Another audience member (sorry I can’t remember your name, I’m sometimes a bit quick on the delete button- * Lillian's insert: her name is Adair Heath*) asked if we would be having The Laws (www.thelawsmusic.com) bacl again. Lillian responds that nothing’s scheduled at this time (so probably not next year) but she loves John and Michelle and would love to have them back in the future. The Laws have been busy these last few years with the Kingsville Folk Festival (www.kingsvillefolkfest.org). I haven’t been but Lillian tells me it’s a wonderful festival in a beautiful location. By the way, when John and Michelle decided to start a folk festival Lillian was one of the first people they asked to join their board and give them advice on booking artists, no doubt based on the fine job she’s done for Acoustic Harvest.

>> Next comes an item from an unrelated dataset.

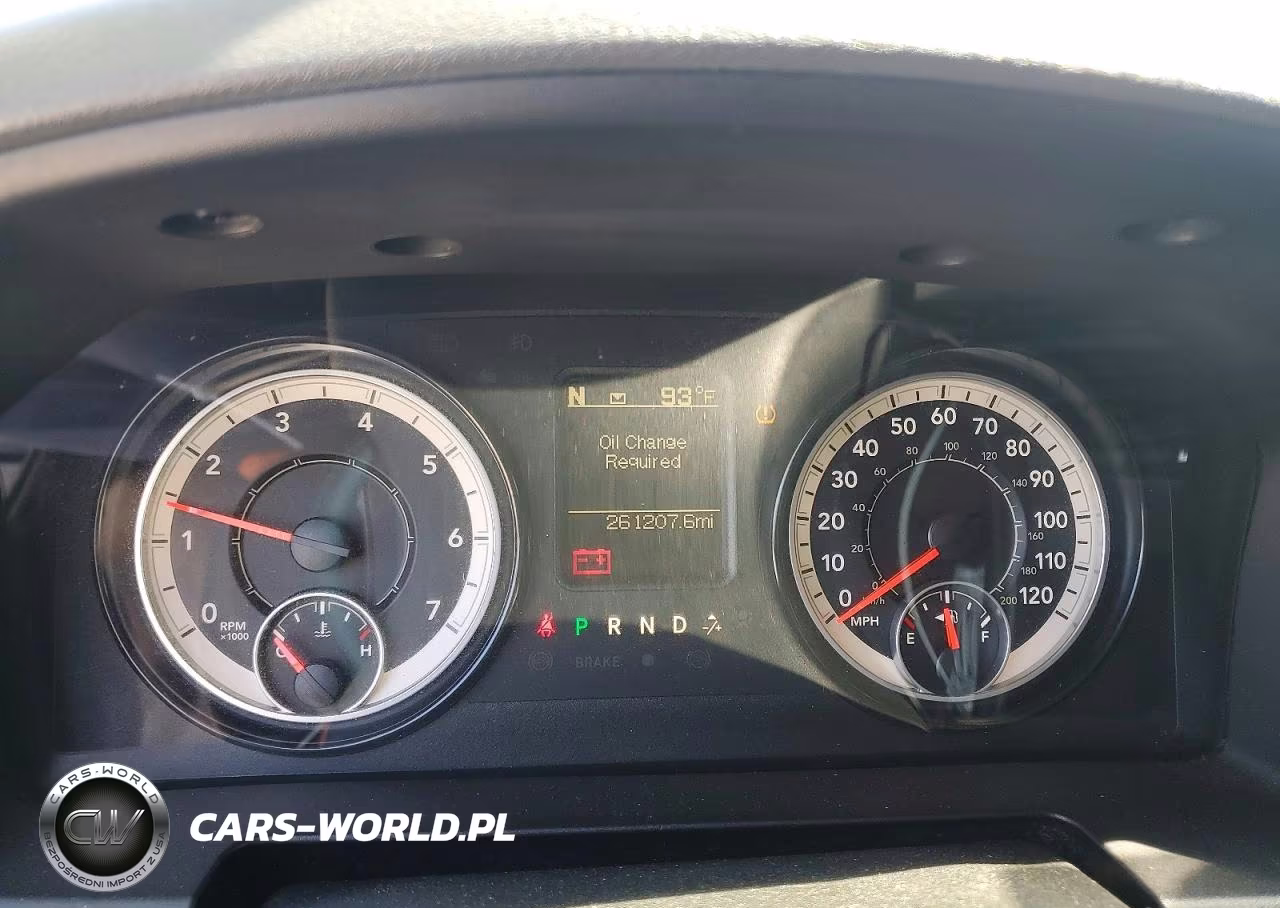 2017 Ram 2500 Slt VIN:3C6TR5DT5HG771914 - 9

I’ve always enjoyed going to Cambridge for The Mill Race Festival, and I’m glad I went last year because it turns out that that was the last one. Brad McEwen, founder and artistic director of this traditional music festival says “this wasn’t an easy decision but it was the right decision….We have had a wonderful 26 year run of presenting fantastic music in a beautiful, historic downtown, but the time is right to say goodbye.” And it was a lovely venue with the main stage backing onto the Grand River. To read more about why Brad thinks this is the right time to finish go to www.themillracefolksociety.com
And, always thinking ahead, Lillian was at FAI (Folk Alliance International) in Montreal last month, to read her report go to the News section on our website www.acousticharvest.ca.
Now, what’s coming up at Acoustic Harvest? Well, we have two concerts coming up, practically back to back. On March 23, we’re pleased to present a very special event, an evening with internationally renowned luthier Grit Laskin (www.williamlaskin.com). This will be an entertaining and informative evening in three parts, a lecture, a slide show and a concert:
How do pieces of trees create a box that can stir emotion?
Why does the grain of a soundboard always go in a certain direction?
Why do guitarmakers use so many politically incorrect materials?
Why is a Soundhole a misnomer?
These are just some of the topics that are explored in Grit’s anecdote-filled lecture; then with the help of more than one hundred slide images, Grit takes you on a visual journey into his world of engraved inlay, and shows how he has, in the eyes of many, been largely responsible for pushing the inlay medium from a decorative tradition into an art form. And, to cap theevening, Grit will perform a short concert of songs and instrumentals, using four different handmade instruments -- one of his guitars and tenor mandolins, plus the Concertina and the Northumbrian Smallpipes (bagpipes from the north of England). Here's an article well worth reading: https://thenorthamericanguitar.com/blogs/new
On April 6 we are thrilled to present two stellar blues players Suzie Vinnick (www.suzievinnick.com) and Rick Fines (www.rickfines.ca)
Suzie's career has seen triumph after triumph. Among her most recent successes: being nominated for a 2018 Canadian Folk Music Award for Producer of the Year with her co-producer, Mark Lalama. Suzie achieved finalist status in the Solo/Duo Category at the 2013 International Blues Challenge in Memphis, TN, received the 2012 CBC Saturday Night Blues Great Canadian Blues Award and the 2012 Sirius XM Canada Blues Artist of the Year. Suzie has won 10 Maple Blues Awards (she has been nominated for 22 so far!), won the 2011 Canadian Folk Music Award for Contemporary Vocalist of the Year and is a 3X Juno Nominee.
Steeped in roots music, Rick Fines crafts a unique blend of warm-hearted blues, juke joint folk, and dockside soul that both embraces and defies the genres that influence him. As a veteran of the North American blues and folk circuits, he engages audiences with captivating songs, diverse guitar styling and his signature vocal growl.
Rick’s storied career has seen him working in stellar collaboration and as a successful solo act.
On his website it says “Rick believes in the transformative power of music” and so do we, so come on out to two amazing evenings of music and leave feeling refreshed and renewed; that’s what happens at all our concerts!